Tragiczna sytuacja w górnictwie, dramatycznie wysokie ryzyko wystąpienia blackoutu – to tylko, niektóre z „energetycznych min” jakie będzie musiał w sektorze energetycznym rozbroić nowy rząd RP. - pisze redaktor naczelny portalu defence24.pl Piotr Maciążek. 

Sytuacja w górnictwie to dziś właściwie odbezpieczony granat. Kompania Węglowa (KW) stoi na krawędzi bankructwa (podobno środki na utrzymanie płynności finansowej skończą się jej pod koniec listopada). Plan ratowania sektora poprzez utworzenie Nowej Kompanii Węglowej nie został zrealizowany w związku z ryzykiem zaskarżenia go przez Komisję Europejską (chodzi o niedozwoloną pomoc publiczną). Dziś dowiedzieliśmy się, że prezes KW, Krzysztof Sędzikowski, w związku z tą sytuacją podjął  decyzję o swojej rezygnacji twierdząc, że w takich realiach przeprowadzenie poważniejszych działań naprawczych jest niemożliwe.
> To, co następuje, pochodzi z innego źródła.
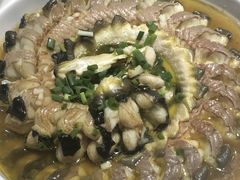 -两户人家农家乐
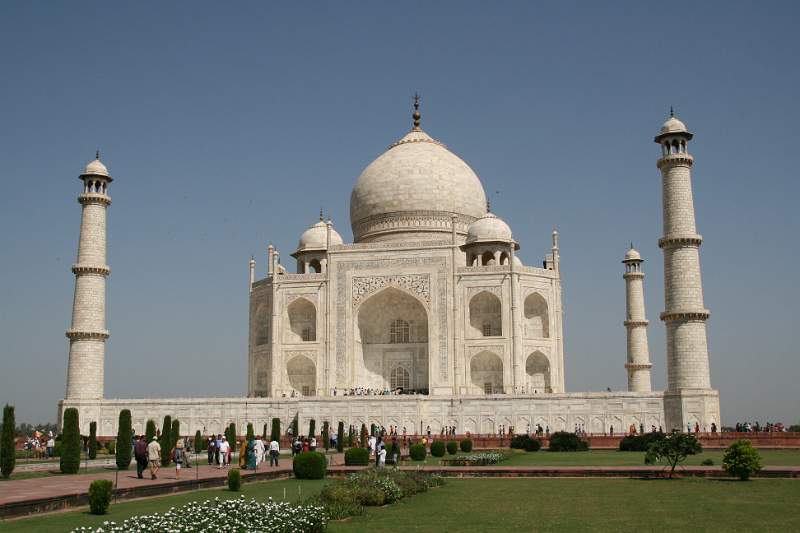 India & Nepal 2011 - 1165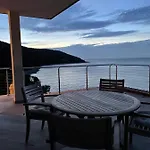 Punta Dei Barbari #maestrale #libeccio #tramontana * Cavo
Sytuacja wydaje się więc niezwykle skomplikowana. Pytanie czy nowy rząd znajdzie w sobie wolę do przecięcia tego „węzła gordyjskiego”? Do przyznania, że część kopalń jest nierentowna i konieczne jest cięcie kosztów stałych (doskonale problem ten opisała nasza blogerka Karolina Baca-Pogorzelska)?

Nie lepiej wygląda dziś sytuacja w sektorze elektroenergetycznym ściśle powiązanym z branżą węglową. W zasadzie wszyscy eksperci z jakimi spotkałem się tydzień temu w Warszawie podczas Kongresu Nowego Przemysłu przyznawali, ze Polsce grozi blackout (rozległa awaria zasilania). Najbardziej stanowczo wypowiadał się o tym prof. Władysław Mielczarski, według którego szanse na jego wystąpienie to około 80% w ciągu najbliższych trzech lat. Tegoroczne ograniczenia dostaw energii z jakimi mieliśmy do czynienia w lecie to przy potwierdzeniu się takiego scenariusza „kaszka z mleczkiem”. Jak przeciwdziałać zagrożeniu? Potrzeby są tu ogromne – od budowy nowych elektrowni, wdrożenia tzw. „rynku mocy” (chodzi o płacenie wytwórcom energii za utrzymywania bloków w gotowości), po stawianie na energetykę rozproszoną (awarie dużych jednostek to większe ryzyko blackoutu), czy modernizację sieci przesyłowych (istniejące są stare, głównie napowietrzne, nieokablowane, charakteryzujące się dużym ubytkiem energii podczas przesyłu). Skala wyzwań jaka stoi przed nowym rządem jest więc i w tym przypadku ogromna. 

Skoro już o węglu i sektorze elektroenergetycznym mowa to trzeba wspomnieć także o tym, że dość dużym problemem w nadchodzących latach mogą okazać się zobowiązania klimatyczne jakie poczyniła Polska pod przewodnictwem premier Ewy Kopacz. Już zaczynają być widoczne ich pierwsze skutki. Np. budowa nowego bloku Elektrowni Turów (jedna z kluczowych inwestycji w skali kraju) napotyka na pierwsze problemy. Konieczność dostosowania inwestycji do wymogów klimatycznych pociąga za sobą zwiększenia nakładów finansowych. Spowodowała także opóźnienie planowanego oddania obiektu o trzy miesiące – o czym w sierpniu informowały media. Czy będziemy świadkami kolejnych poprawek w harmonogramie tego przedsięwzięcia? Czy problem dotknie także budowę innych bloków na terenie kraju? Jak przełoży się to na ryzyko wystąpienia blackoutu (nowe elektrownie powinny w określonym momencie zastępować stare)? To pytania, z którymi będzie musiał zmierzyć się nowy rząd. A to zaledwie forpoczta dylematów przed jakimi stanie w tematyce redukcji emisji CO2. Kluczowe decyzje będą musiały zapadać również w kontekście kierunku wykorzystania środków jakie UE zobowiązała się przekazać Polsce na transformację sektora energetycznego. Dziś, mimo zapewnień jakie padały podczas kampanii wyborczej, wydaje się, że proces ten będzie skutkować powolną marginalizacją węgla.